И наконец, я хочу сейчас похвалить политику тех государств, которые присоединяют к реальным финансам искусственные. Товарное обращение в таких странах усиливается, и, благодаря банку, становится известным денежный фонд страны, — осведомленность, которой нам не хватает и которая была бы очень полезна нашему правительству, так как дала бы ему возможность знать свои возможности и ресурсы.
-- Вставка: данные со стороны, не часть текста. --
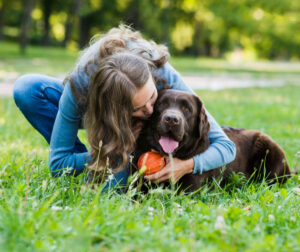 mujer joven abraza a perro con pelota sobre la hierba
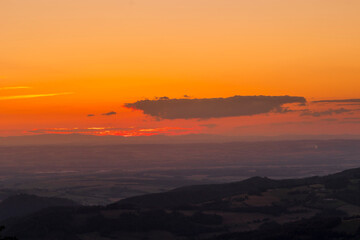 A view of a landscape full of mountains during a golden sunset with the sun on the horizon and a view of the sun from the top of Mount Ondrejnik.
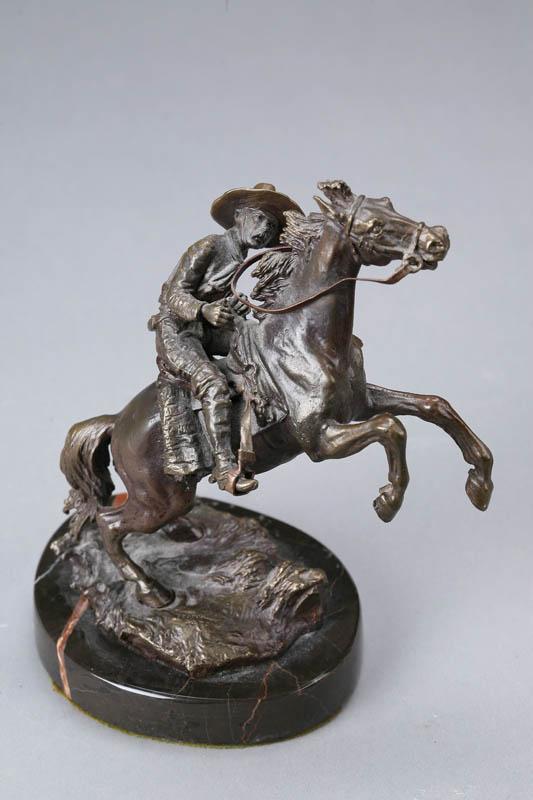 Appraisal: HORSE AND RIDER STATUE Bronze figure of a cowboy on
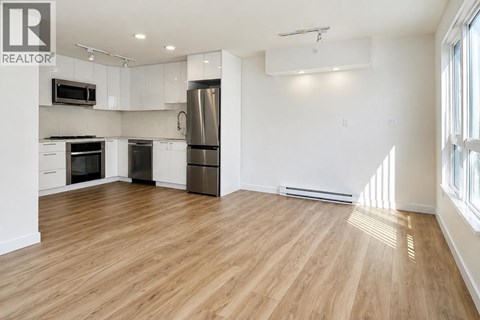 A spacious kitchen with wooden floors and stainless steel appliances.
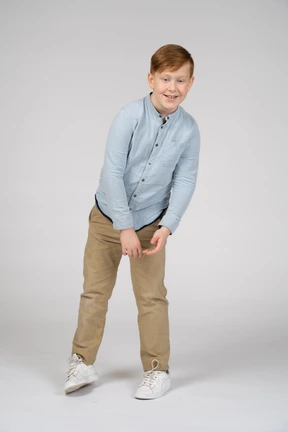 Front view of a boy looking at something with interest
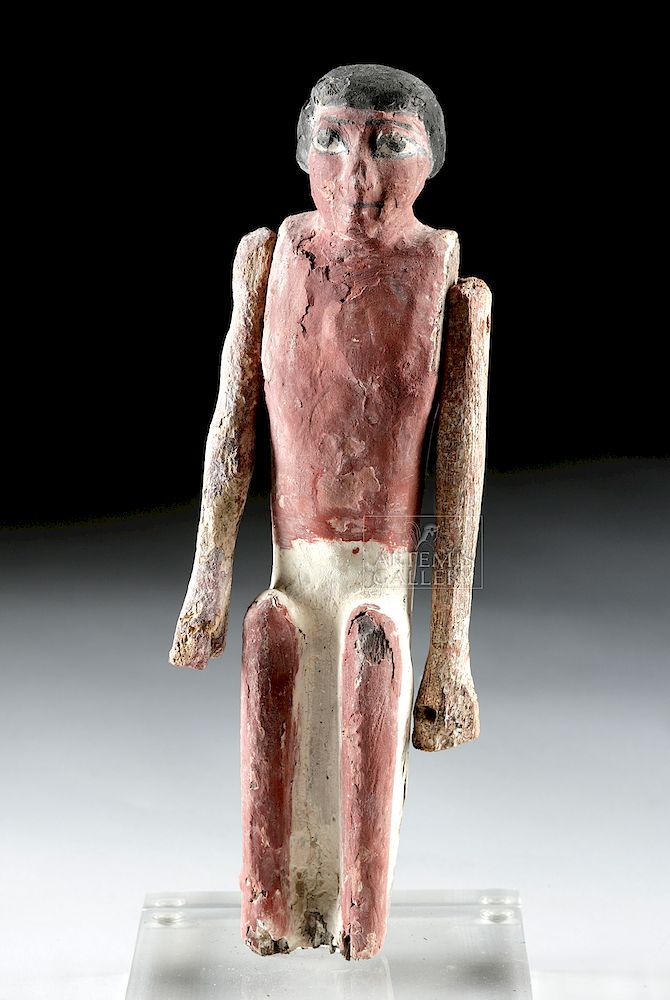 Appraisal: Egyptian Middle-Kingdom Wood Polychrome Boatman Egypt Middle Kingdom ca to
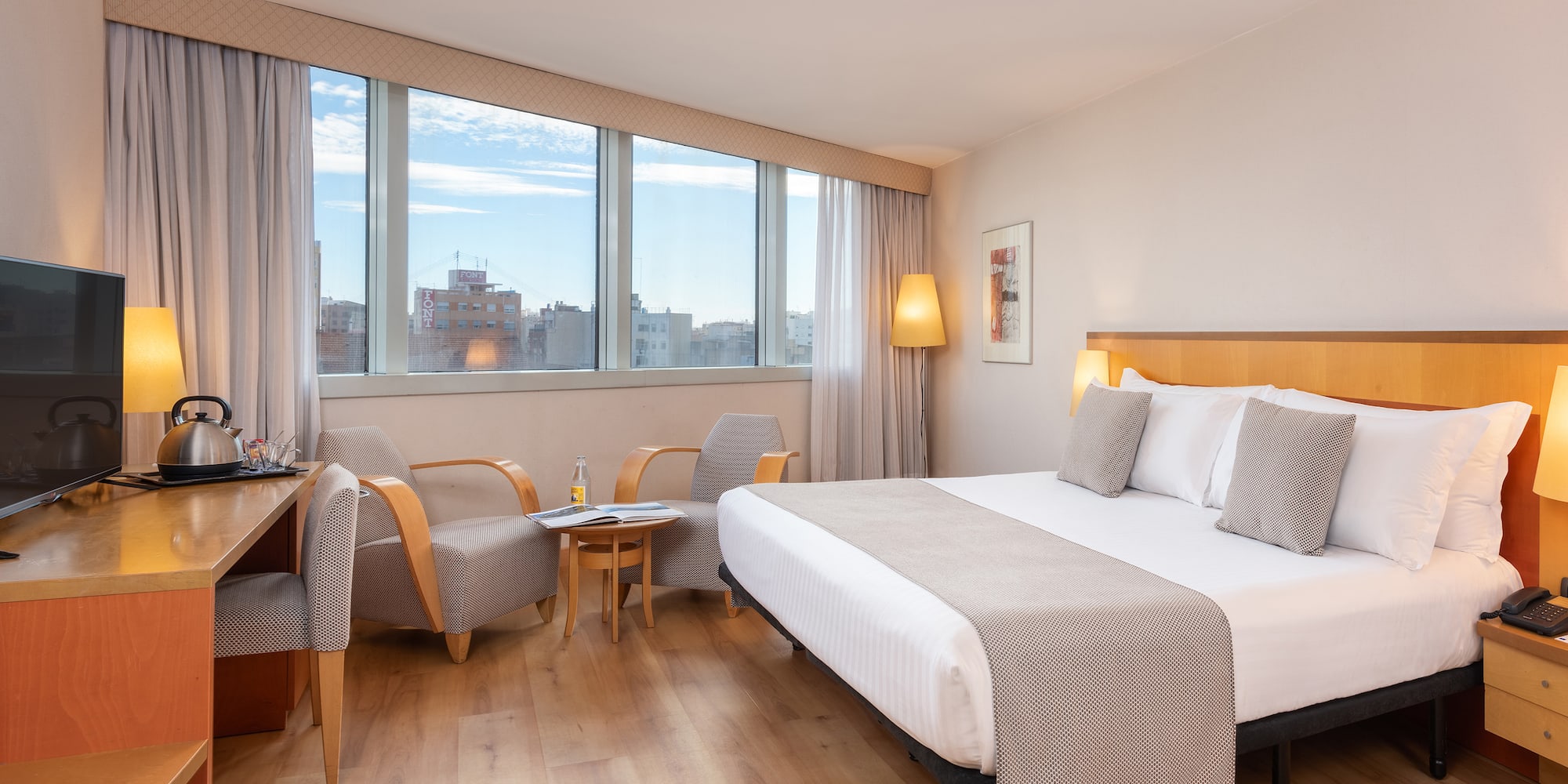 a room with a bed and chairs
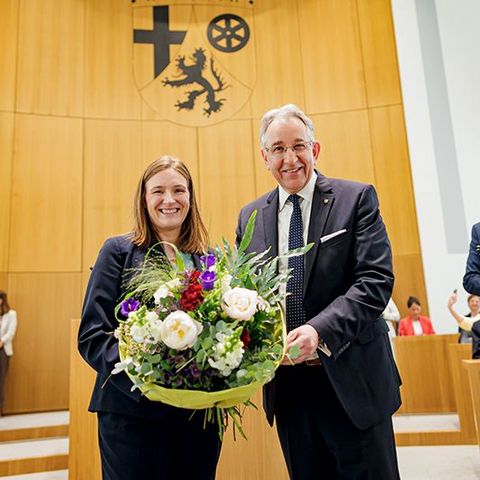 Katharina Binz und Matthias Lammert stehen nebeneinander im Plenarsaal und halten gemeinsam einen großen Blumenstrauß. Im Hintergrund sitzen mehrere Personen.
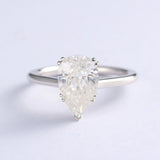 Hidden Halo Engagement Ring Featuring 3.23 CT Pear Moissanite 1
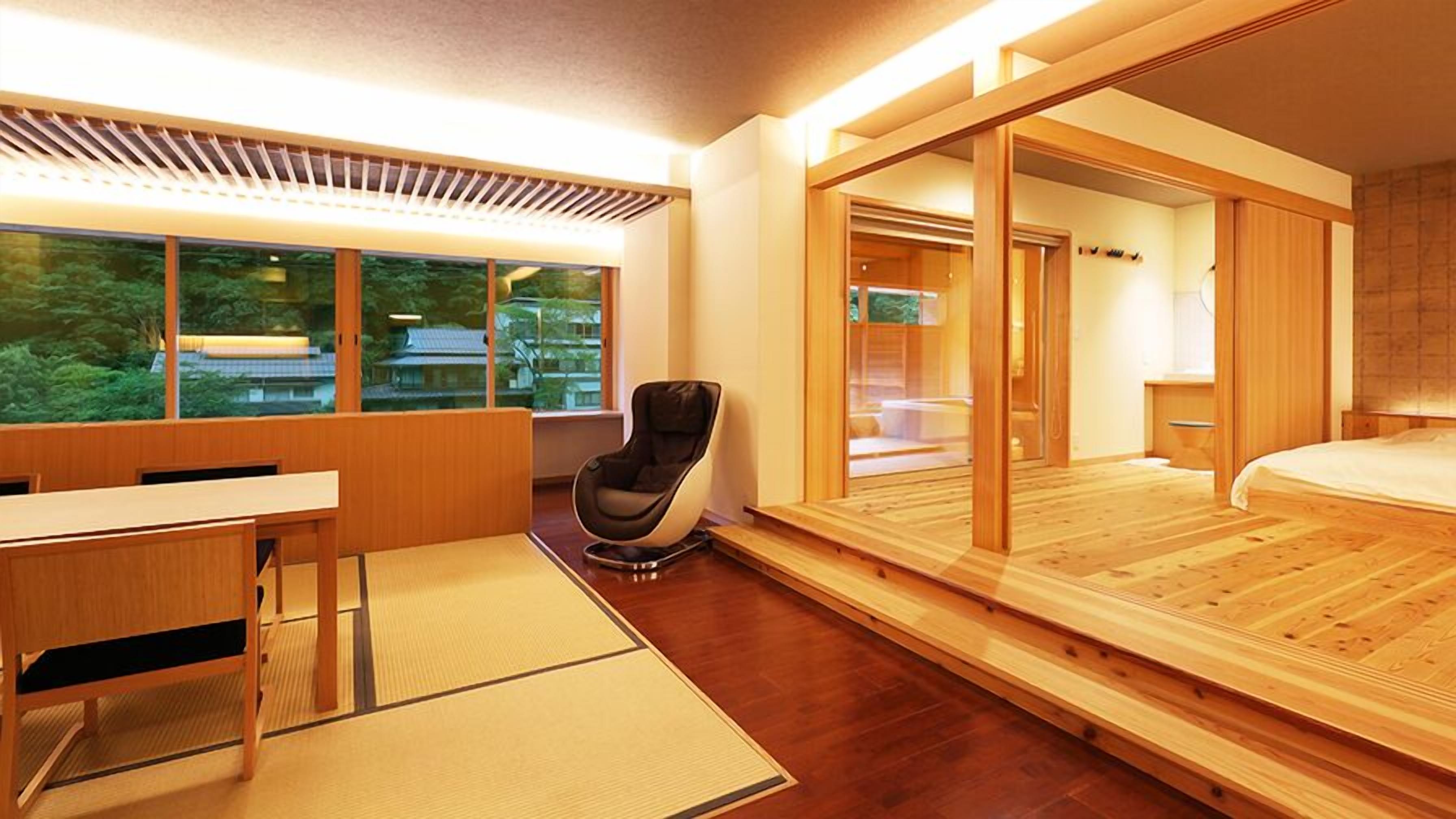 A modern hotel room with a wooden floor, a desk with a chair, a large bed, and a sliding door leading to a bathroom.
Вот вопросы, которые живо обсуждаются в то время, когда я все это пишу. Во что они выльются теперь, когда общественное мнение начинает превращаться в закон? Не знаю. Будет ли основан королевский банк в результате всех займов и именно вследствие этих займов, как это сделано в Англии? Но в Англии ответственно все государство. Сделаются ли, смогут ли сделаться французские граждане такими же? Я знаю только, что существует большая разница между этими серьезными спорами и спорами о сравнительном достоинстве двух сонетов, которые занимали город каких-нибудь сто лет назад.
191. Любовь к чудесному
В Лондоне некий человек объявил, что в такой-то день, в такой-то час на глазах всего народа он влезет в бутылку. Что же заставило всех заинтересоваться таким нелепым заявлением и дорого заплатить за места? Нельзя обвинять англичан в невежественной доверчивости, но любовь к чудесному повлияла и на этот народ так же точно, как это случилось бы в Париже, Мадриде или Вене. Каждый говорил себе: не может быть, чтобы человек захотел всех обмануть, раз он так торжественно обращается к публике, раз все афиши, расклеенные по стенам домов, гласят о его изумительном фокусе. Когда он предстанет перед многочисленным и почтенным собранием, мнением которого нельзя безнаказанно пренебрегать, тогда, несомненно, произойдет нечто из ряду вон выходящее, чего заранее предугадать нельзя. Если бы этот шарлатан стал говорить каждому гражданину в отдельности: Придите ко мне, и я при вас влезу в бутылку, — всякий рассмеялся бы ему в лицо. Но напечатанные и расклеенные афиши, нахальные уверения фокусника, соучастие многочисленной публики, деньги, затраченные на билеты, толпа, реклама заставляют каждого в глубине души сказать себе: Невозможно же, чтобы он до такой степени издевался над почтенной публикой! Таков народ; он не допускает, что его могут обманывать в целом. Мысль о возможном побеге этого человека с деньгами любопытных и о покинутой на сцене пустой бутылке никому не пришла в голову. Самоуверенном обещаниям народ всегда верит, особенно когда дело касается денег. Сколько их было дано взаймы во Франции за последнее столетие!